I know the area of health-tech is picking up pace and I want to be part of the effort towards making it a reality. But, you know, the journey of a thousand miles beings with ... etc etc.

So to begin this journey, I've focussed my honours/4th year on building an activity recognition system that works real-time on an iPhone. Now, this idea is not new. There are fitness bands and smartwatches that accomplish most of what I aim to do but that is not the point. There is no single solution for this problem, so the point is to create my implementation and to go through the process of solving a non-trivial problem.

Activity recognition can be separated into three main parts: sensing module, feature analysis and classification.

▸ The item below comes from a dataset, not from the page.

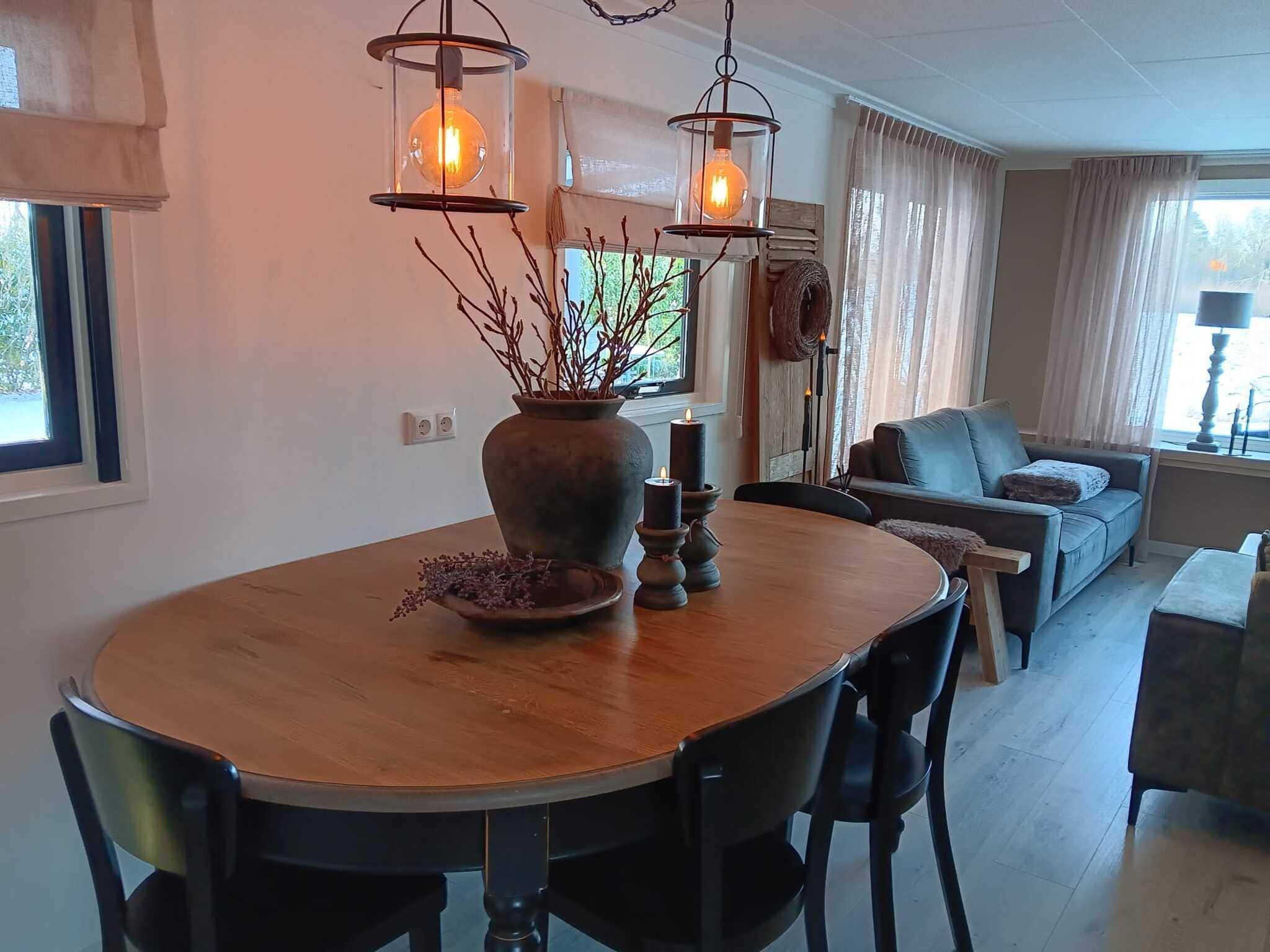De eetkamer van Vechtdalchalet de Wilg in Rheezerveen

The sensing module is responsible for collecting the sensor data, and I've implemented this part, so here are some pretty pictures (data collected through an iPhone strapped to my wrist, visualising specifically the x-axis acceleration measured by the gyroscope):

How can you not be giddy with excitement after looking at these! We can distinguish most of these quite easily, and can even count the repetitions of the pull-ups! But just because it's relatively easily to identify based on inspection, building a recognition model isn't as trivial. So my first goal is to take these four activities and try to classify them as activity vs non-activity. Then i'll progress to identification of specific activities and just keep building on it.

That's the current state of the project, and as I hit milestones/roadblocks/insights with the project, I'll share the progress!